TO DO: Would you print out every entry exactly as given?
^^^^^^^^^^^^^^^^
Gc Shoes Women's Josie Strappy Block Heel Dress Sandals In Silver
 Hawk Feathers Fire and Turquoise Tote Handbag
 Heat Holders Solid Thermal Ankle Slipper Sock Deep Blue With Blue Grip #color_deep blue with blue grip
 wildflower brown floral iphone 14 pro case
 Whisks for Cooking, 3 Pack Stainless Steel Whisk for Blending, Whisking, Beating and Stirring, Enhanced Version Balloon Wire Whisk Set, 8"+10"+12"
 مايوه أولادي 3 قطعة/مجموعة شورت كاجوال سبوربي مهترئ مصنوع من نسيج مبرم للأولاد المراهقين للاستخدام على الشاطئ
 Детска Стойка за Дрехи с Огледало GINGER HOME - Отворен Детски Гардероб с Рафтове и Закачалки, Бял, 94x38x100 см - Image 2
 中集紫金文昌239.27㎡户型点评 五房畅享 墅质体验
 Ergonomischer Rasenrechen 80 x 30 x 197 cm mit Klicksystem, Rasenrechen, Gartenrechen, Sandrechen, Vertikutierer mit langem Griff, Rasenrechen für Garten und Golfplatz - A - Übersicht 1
^^^^^^^^^^^^^^^^
PROBLEM SOLUTION:
Gc Shoes Women's Josie Strappy Block Heel Dress Sandals In Silver
 Hawk Feathers Fire and Turquoise Tote Handbag
 Heat Holders Solid Thermal Ankle Slipper Sock Deep Blue With Blue Grip #color_deep blue with blue grip
 wildflower brown floral iphone 14 pro case
 Whisks for Cooking, 3 Pack Stainless Steel Whisk for Blending, Whisking, Beating and Stirring, Enhanced Version Balloon Wire Whisk Set, 8"+10"+12"
 مايوه أولادي 3 قطعة/مجموعة شورت كاجوال سبوربي مهترئ مصنوع من نسيج مبرم للأولاد المراهقين للاستخدام على الشاطئ
 Детска Стойка за Дрехи с Огледало GINGER HOME - Отворен Детски Гардероб с Рафтове и Закачалки, Бял, 94x38x100 см - Image 2
 中集紫金文昌239.27㎡户型点评 五房畅享 墅质体验
 Ergonomischer Rasenrechen 80 x 30 x 197 cm mit Klicksystem, Rasenrechen, Gartenrechen, Sandrechen, Vertikutierer mit langem Griff, Rasenrechen für Garten und Golfplatz - A - Übersicht 1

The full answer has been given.